Ich gehöre sicherlich nicht zu denjenigen Fans, die nach einem schlechten Spiel sofort draufhauen und voreilig das Ende des Erfurter Fußballs vorhersagen. Doch was gestern Nachmittag beim Ost-Derby gegen Dynamo Dresden passiert ist, hat auch mir irgendwie die Sprache verschlagen. Fünf Spiele, vier Punkte. Zwei Heimspiele in Folge verloren. Fortschritte zum Vorjahr vermag ich nicht zu erkennen. Einfach frustrierend. Entsprechend hart sind vielleicht ein paar Formulierungen.

An solchen Sonntagen wie gestern sind die mehrstündigen Fahrten ins Hessenland immer besonders nervig. Statt bei einem Frustbierchen im Zipfelmützenkreis sich den Frust von der Seele zu diskutieren, knattere ich bei Dauerregen, grauem Himmel und tiefhängenden Wolken durch die gottverlassene Rhön Richtung Offenbach.

Vier Stunden vor der Rhön war die Laune bei Christian und mir, als wir das Stadion betraten, noch wesentlich besser. Die Grütze, die wir dann zu sehen bekamen, lässt sich eigentlich kaum in Worte fassen. Dennoch hier ein Versuch in Form einer Einzelkritik:

TOR: Dirk Orlishausen war der beste Erfurter auf dem Platz. An den beiden Gegentoren war er schuldlos, er wurde durch seine Vorderleute gnadenlos im Stich gelassen. Mit mehreren Paraden sorgte er dafür, dass wir lange auf ein Unentschieden hoffen durften.
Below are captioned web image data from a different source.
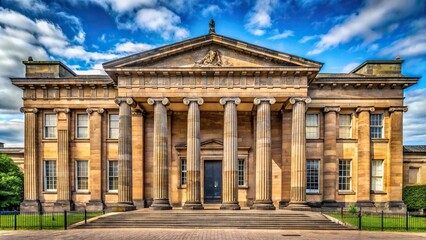 Obraz premium Classical building facade of Scottish National Gallery of Modern Art in Edinburgh, Scotland with shallow depth of field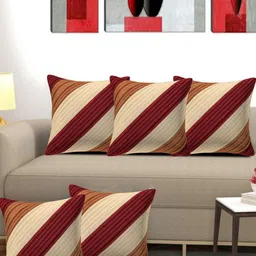 Creeva Red & Off White 5 Pieces Striped Silk Square Cushion Covers-image-34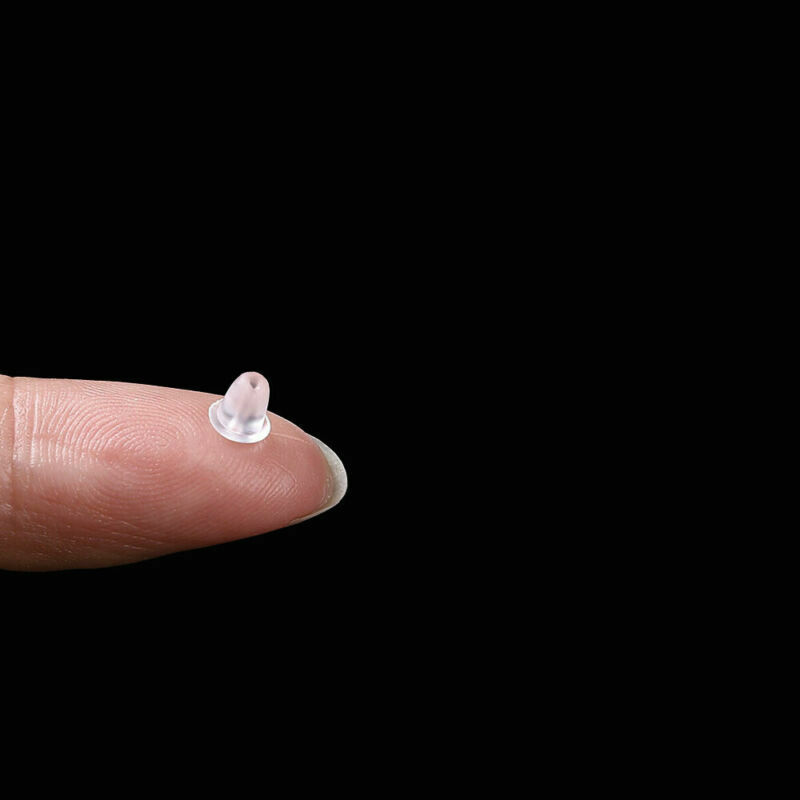4mm Clear Rubber Silicone Plastic Earring Backs Stopper Post Nut FREESHIP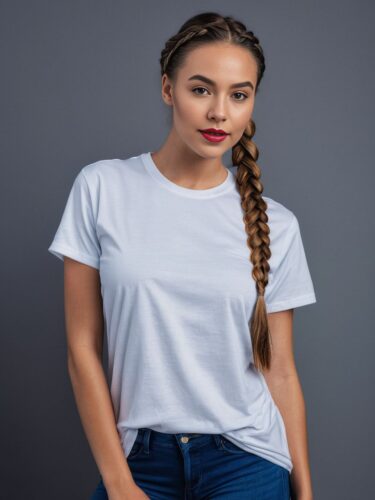 Stylish White T-Shirt Mockup on Young Woman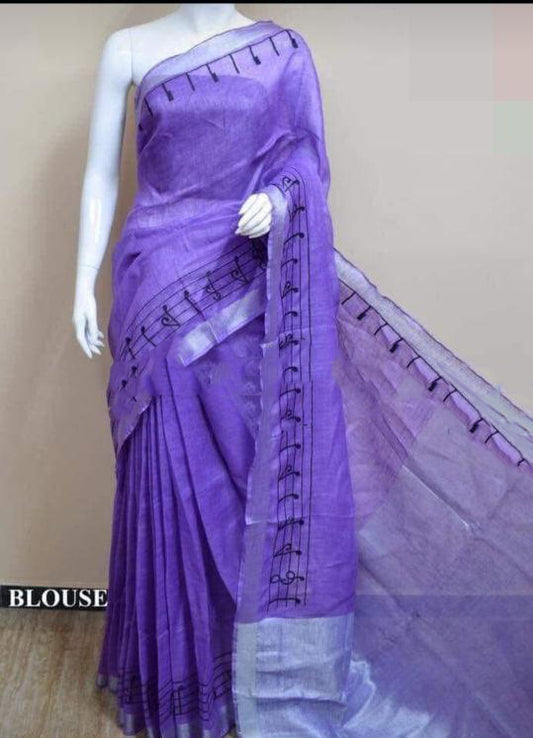 Violet Pure Linen Sarees - Dailybuyys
INNENVERTEIDIGUNG: Eine Katastrophe. Schon in der Anfangsphase wurden Heller und Holst durch Doppelpässe schnell überspielt. Insbesondere die Leistungen und Fehler von Holst sind, wenn man an das vergangene Jahre denkt, nicht zu erklären. Der Junge ist völlig von der Rolle. Natürlich, auch wenn er den Ball vor dem 0:2 nicht vertendelt hätte, hätten wir wohl verloren. Dennoch, so ein Klops passiert vielleicht einmal in einer Saison (wir sind ja alle nur Menschen). Aber in zwei Heimspielen in Folge?

AUSSENVERTEIDIGUNG: Nicht regionalligatauglich. Was auf den Außenbahnen von Pätz (links) und Bertram (rechts) geboten wurde, war unterirdisch. Fehlpässe im Spielaufbau, mangelndes Zweikampfverhalten in der Defensive (Bertram vor dem 0:1) – einfach grottenschlecht. Natürlich sind beide Spieler keine gelernten Außenverteidiger, dennoch war das zu wenig. Neben dem Sturm DIE absolute Problemposition von RWE. Sollte der von Essen ausgeliehene Stoppelkamp im offensiven Mittelfeld einschlagen (und nur dann), könnte Schnetzler wie im Vorjahr die rechte Verteidigerposition übernehmen. Aber links? Kühne fällt noch lange aus.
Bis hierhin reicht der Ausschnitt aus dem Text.